10. MLOps: CI/CD for ML
Traditional CI/CD:
Code change -> Build -> Test -> Deploy
ML CI/CD:
Code change ──┐
Data change ──┼──> Validate -> Train -> Evaluate -> Deploy -> Monitor
Config change ┘
Pipeline orchestration: Airflow, Kubeflow Pipelines, Metaflow
Model registry: MLflow, Vertex AI Model Registry
Experiment tracking: MLflow, Weights & Biases
MLOps Maturity Levels
| Level | Description | Automation |
|---|
| 0 | Manual | Scientists train locally, hand-off model file to eng |
| 1 | ML pipeline | Automated training pipeline, manual deployment |
| 2 | CI/CD for ML | Automated training, testing, and deployment |
| 3 | Full MLOps | Automated monitoring, retraining triggers, canary deployment |
11. Common ML System Design Interview Questions
| Question | Key Focus Areas |
|---|
| Design a recommendation engine | Two-stage (retrieval + ranking), feature store, A/B testing |
| Design ad click prediction | Real-time inference, feature engineering, calibration, auction integration |
| Design content ranking (News Feed) | Multi-objective ranking, freshness vs relevance, diversity |
| Design search ranking | Query understanding, document retrieval, learning-to-rank |
| Design content moderation | Multi-modal (text, image, video), human-in-the-loop, precision vs recall trade-off |
| Design fraud detection | Imbalanced data, real-time scoring, explainability for review |
| Design notification system | When/what to notify, user fatigue modeling, optimal send time |
| Design similar items | Embedding space, ANN (approximate nearest neighbor), cold start |
Framework for Answering ML System Design
1. Clarify the Problem (2 min)
- What are we optimizing? (clicks, revenue, engagement)
- Scale: users, items, QPS
- Latency requirements
2. Define Metrics (3 min)
- Offline: AUC, NDCG, precision@K, recall@K
- Online: CTR, conversion rate, session length, revenue
- Guardrail: latency, diversity, fairness
3. High-Level Architecture (10 min)
- Data pipeline -> Feature store -> Training -> Serving
- Candidate generation -> Ranking -> Re-ranking
- Online vs offline components
4. Deep Dive on Key Components (15 min)
- Feature engineering (what signals matter?)

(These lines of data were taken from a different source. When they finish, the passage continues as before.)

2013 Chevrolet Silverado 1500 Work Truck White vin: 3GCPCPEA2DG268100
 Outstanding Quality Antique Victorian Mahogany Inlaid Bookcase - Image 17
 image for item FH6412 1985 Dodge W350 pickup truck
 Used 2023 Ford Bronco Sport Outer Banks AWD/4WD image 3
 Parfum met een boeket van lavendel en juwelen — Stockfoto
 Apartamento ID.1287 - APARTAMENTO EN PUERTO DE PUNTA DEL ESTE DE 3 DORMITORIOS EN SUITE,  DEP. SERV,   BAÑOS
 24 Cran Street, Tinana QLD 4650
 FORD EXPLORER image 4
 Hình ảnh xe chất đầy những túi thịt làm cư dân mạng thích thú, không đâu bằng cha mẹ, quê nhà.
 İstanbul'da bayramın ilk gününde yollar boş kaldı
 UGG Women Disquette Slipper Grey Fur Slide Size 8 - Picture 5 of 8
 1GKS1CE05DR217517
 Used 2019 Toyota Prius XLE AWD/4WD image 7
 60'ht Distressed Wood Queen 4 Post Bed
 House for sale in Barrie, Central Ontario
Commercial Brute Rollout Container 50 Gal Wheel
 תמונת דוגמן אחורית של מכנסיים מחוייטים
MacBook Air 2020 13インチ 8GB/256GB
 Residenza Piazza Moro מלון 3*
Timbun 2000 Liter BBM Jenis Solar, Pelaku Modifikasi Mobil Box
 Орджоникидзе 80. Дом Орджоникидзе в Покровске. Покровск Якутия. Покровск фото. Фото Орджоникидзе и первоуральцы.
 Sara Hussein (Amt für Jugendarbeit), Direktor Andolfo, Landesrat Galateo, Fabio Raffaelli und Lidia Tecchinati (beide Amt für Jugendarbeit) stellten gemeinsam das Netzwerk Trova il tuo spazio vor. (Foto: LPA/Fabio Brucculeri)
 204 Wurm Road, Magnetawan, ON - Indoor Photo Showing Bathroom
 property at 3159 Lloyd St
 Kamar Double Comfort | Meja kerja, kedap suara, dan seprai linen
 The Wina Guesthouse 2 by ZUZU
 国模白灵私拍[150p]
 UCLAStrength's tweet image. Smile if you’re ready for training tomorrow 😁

- Model choice and training
- Serving infrastructure (batch vs real-time)
- Handling cold start
5. Monitoring & Iteration (5 min)
- A/B testing setup
- Model monitoring (drift, degradation)
- Feedback loops
12. Key Trade-offs Discussion
| Decision | Option A | Option B |
|---|
| Serving | Batch (simple, stale) | Real-time (complex, fresh) |
| Model complexity | Simple (logistic regression, fast) | Deep model (better accuracy, slower) |
| Features | Few curated features (fast, interpretable) | Many auto-features (better perf, harder to debug) |
| Retraining | Daily (stable, slightly stale) | Continuous (freshest, complex infra) |
| Embedding search | Exact (slow, perfect) | ANN/HNSW (fast, approximate) |
| Personalization | Global model (simpler) | Per-user model (better, expensive) |
13. Interview Checklist
14. Resources
- Book: "Designing Machine Learning Systems" by Chip Huyen (O'Reilly)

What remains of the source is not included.